Make sure your overhead is reasonable, and in the event of another recession, we can close one of our stores — this was written into our leases — so we could scale back quickly during a bad economy. It’s commonly called “the good-guy clause,” an agreement that if things go bad, the tenant can end the lease as long as he is paid up and current. The landlord gets his or her space back without involving court, eviction, lawyers and so forth. Everyone wins.
Rene Huston
Patio Pleasures Pools & Spas
owner/vice president of finance, sales and marketing
Sun Prairie and Madison, Wisconsin
Over the past year, we have put a lot of energy into redesigning our showroom experience. The idea was to bring in new, additional products and services that will allow us to sell more to a single customer and diversify. Diversification can help balance things if one area is struggling but perhaps another is flourishing.

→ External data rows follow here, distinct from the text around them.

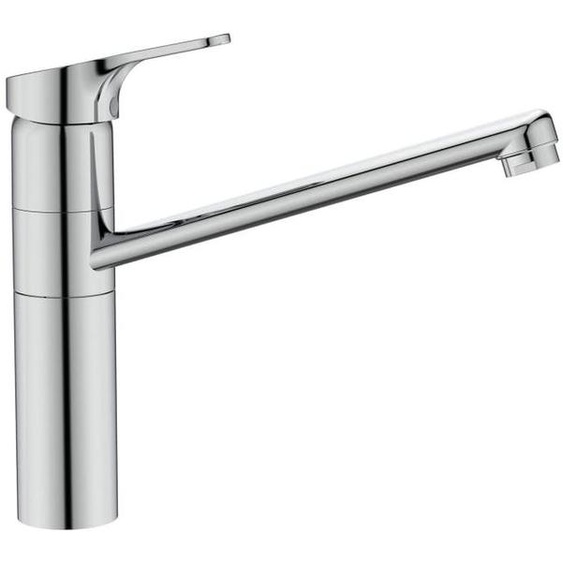 Ideal Standard Robinet de cuisine Cerafit BlueStart bec haut, saillie 221mm BC139AA Chrome
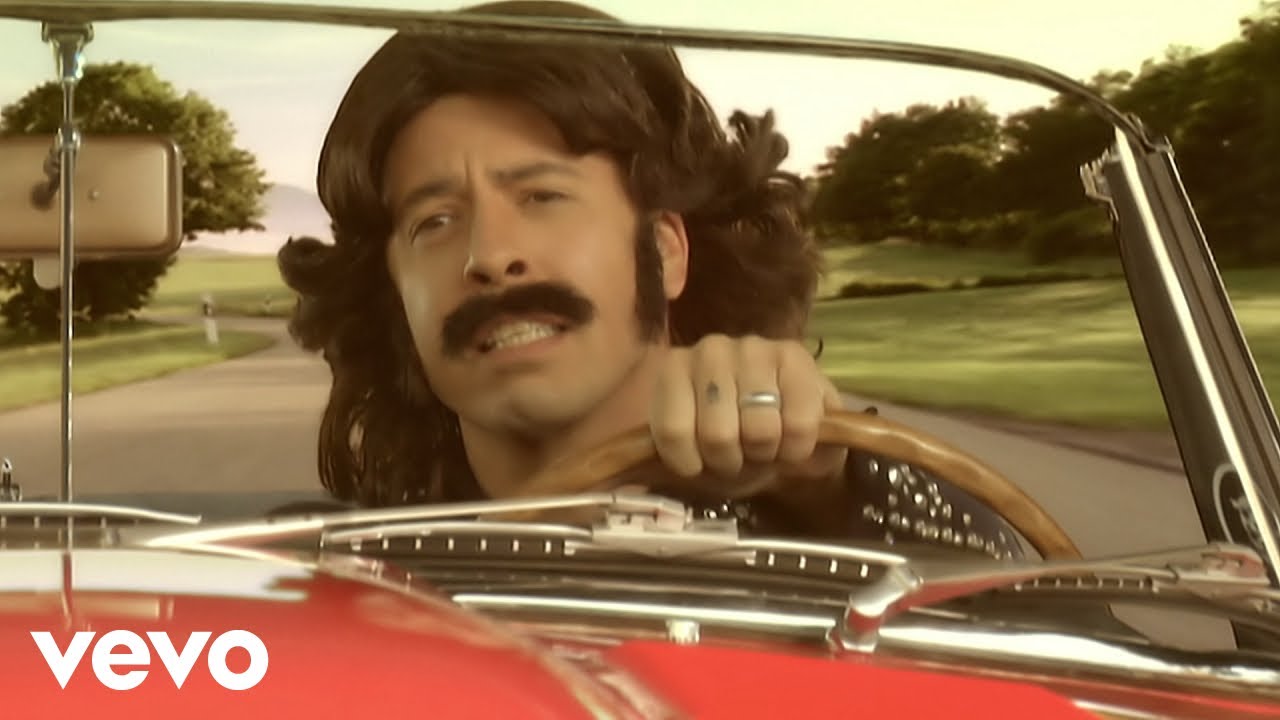 Foo Fighters - Long Road To Ruin (Official Music Video) - YouTube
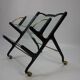 Italian magazine rack, 1950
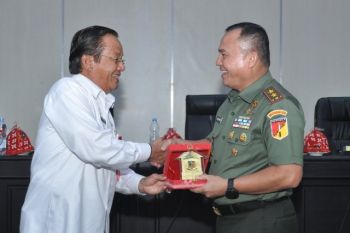 Gubernur longki: sulteng butuh penambahan kodim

I’ve also spent a lot of time doing cost analysis to determine when it makes sense to outsource versus keep a project in house. I’ve found that using subcontractors is often more efficient, especially in a seasonal business.
Although the past few years have treated our industry well, I never take that for granted. I always watch the bottom line and spending closely. The bank account may build up during the good years, and some may find it tempting to spend extra. I’m a big believer in reinvesting into your business, but I also believe in having safety net if times get tough.

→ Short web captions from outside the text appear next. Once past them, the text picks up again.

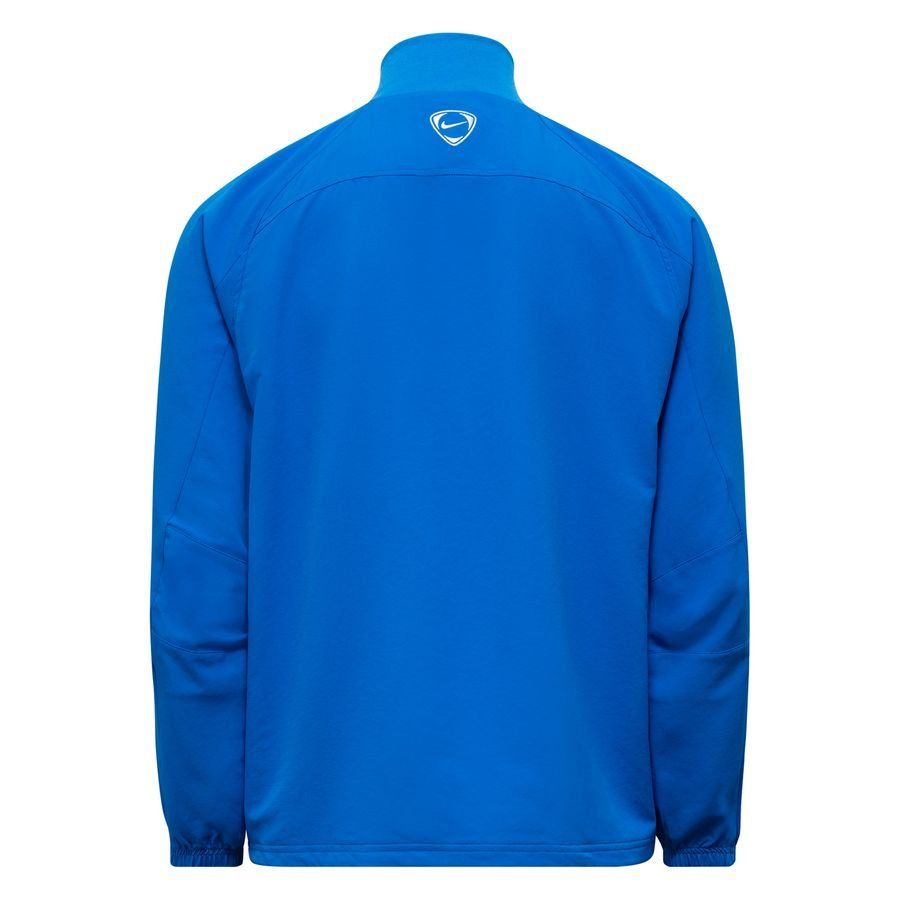Pays-Bas Haut d'Entraînement EURO 2004 Reissue - Bleu/Bleu/Blanc
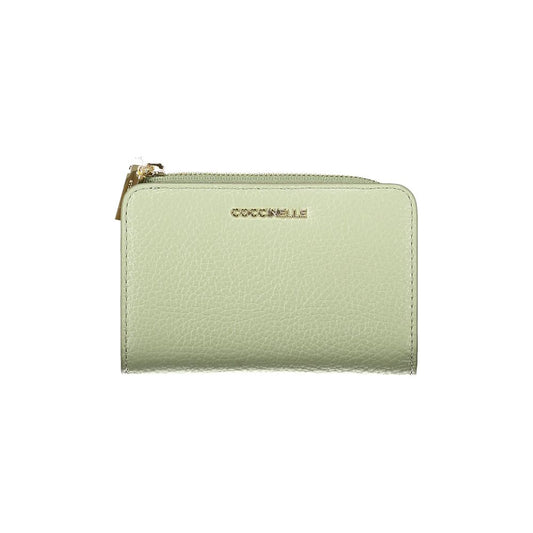 Green Leather Women Wallet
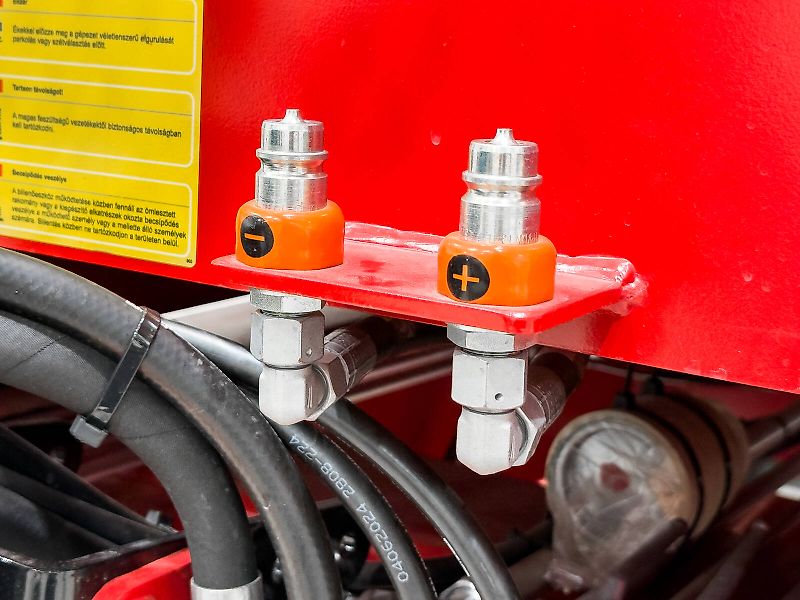 Krampe Big Body 900 (BB 900) 28 tons capacity, 46,1 m3, 3 axles, 80 cm extension, Made in Germany, premium trailer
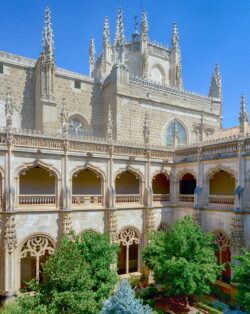 monasterio de san juan de los reyes toledo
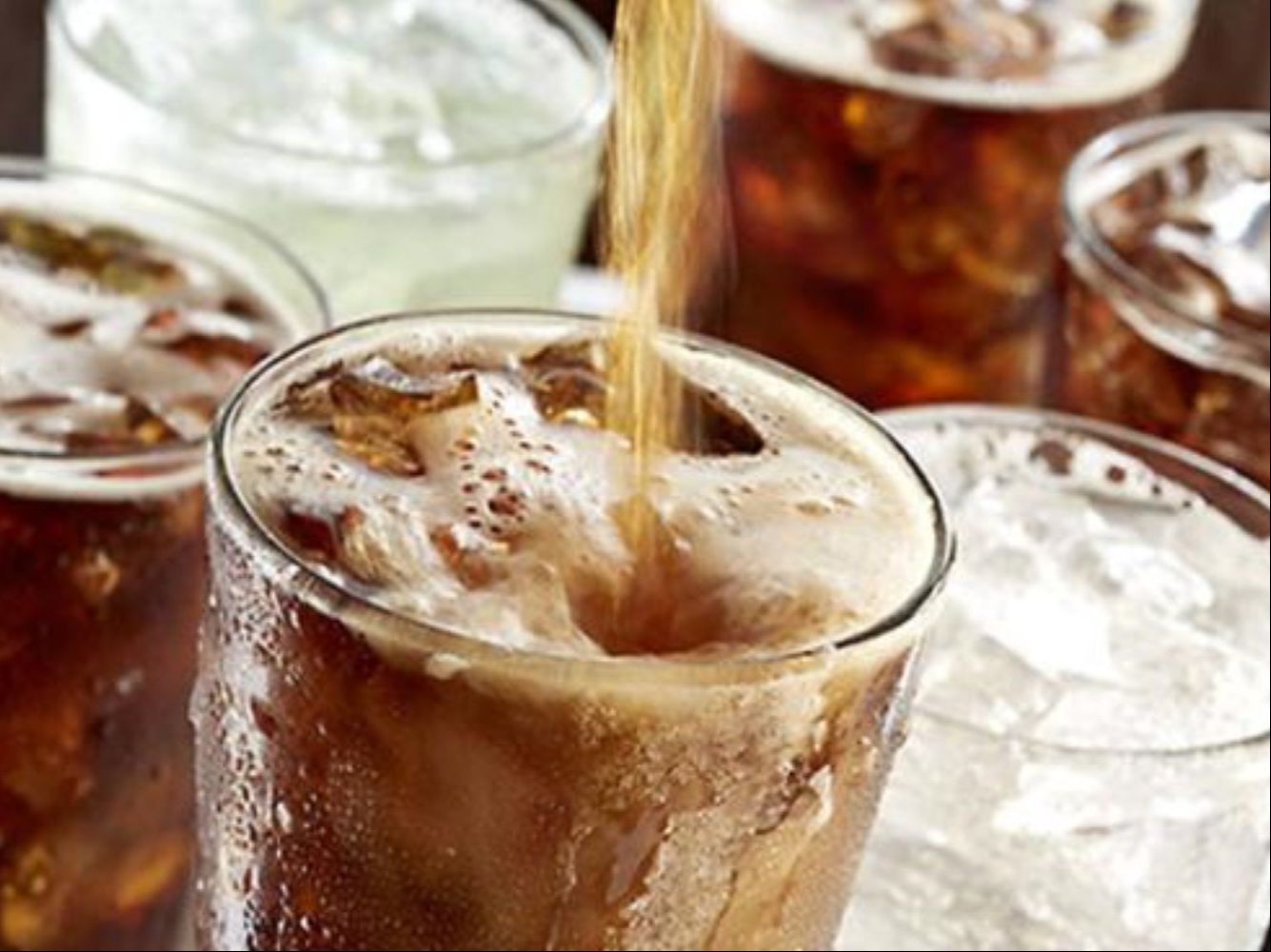 REFILL COFFEE/ SODA.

Inventory management is also critical. If business goes backwards, sitting on too much inventory can tie up needed cash flow to keep other parts of the business moving while sales have declined. Partnering with a distributor or supplier that allows you to return inventory that doesn’t sell is always a nice option, and I take advantage of this benefit during seasonal dips.
Lastly, we have implemented systems over the years to closely manage accounts receivable and keep them at a minimum. We require a credit card to activate all service orders. That credit card is also used to bill the service within 24 to 48 hours of completion. This eliminates accounts-receivable balances from building up and spending time chasing customers for payment. This system keeps payments/income coming in regularly, and if the economy were to change, the last thing you want is to be sitting on a big A/R balance.

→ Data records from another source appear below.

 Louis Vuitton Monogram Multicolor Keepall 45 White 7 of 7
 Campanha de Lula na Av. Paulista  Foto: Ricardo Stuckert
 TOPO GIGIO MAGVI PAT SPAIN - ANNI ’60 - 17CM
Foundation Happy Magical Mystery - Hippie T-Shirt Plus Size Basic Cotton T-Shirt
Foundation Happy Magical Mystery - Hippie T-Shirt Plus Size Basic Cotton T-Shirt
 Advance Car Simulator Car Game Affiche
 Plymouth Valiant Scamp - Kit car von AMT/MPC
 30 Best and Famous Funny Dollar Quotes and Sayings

All business owners have heard “cash is king,” and to keep growing, even in tough times, you need cash to keep things moving — even if your forward is a slower pace than it once was. Forward is forward.
Brian Quint
Aqua Quip
president and CEO
Nine in Seattle/Tacoma metro
We look at and talk about a number of things within our business and within the specific departments — like retail, service, construction and admin — of the business.
Here are key metrics we examine on an ongoing basis:
Percentage of hot tub sales that are paid in full at the time of sale. This impacts cash flow.
We track on a daily basis the previous day’s cash/check/credit card deposits into our bank, and the current balance owed, if any, on our line of credit. Again, a measure of cash flow.
We track first-call success for our service calls. This tells us how effective we are at getting proper information from customers when we are writing work orders — and how prepared our service techs are (i.e. have the right parts on their trucks) when they head out for the day.
We measure past-due or unpaid invoices. This relates to our service and route-maintenance business. We used to focus on accounts that were 60 days late, and now we focus on accounts that are 30-plus days late. Another cash-flow metric.
We establish monthly (income statement) budgets with each store and department. We evaluate monthly how each department performed versus the budget. This gives managers more visibility and accountability with their own department’s performance, be it good, bad or indifferent.
We evaluate inventory by product category in each location and compare it to previous years. We do this monthly to ensure we are granular and informed on inventory values. This ensures we are managing inventory values deliberately.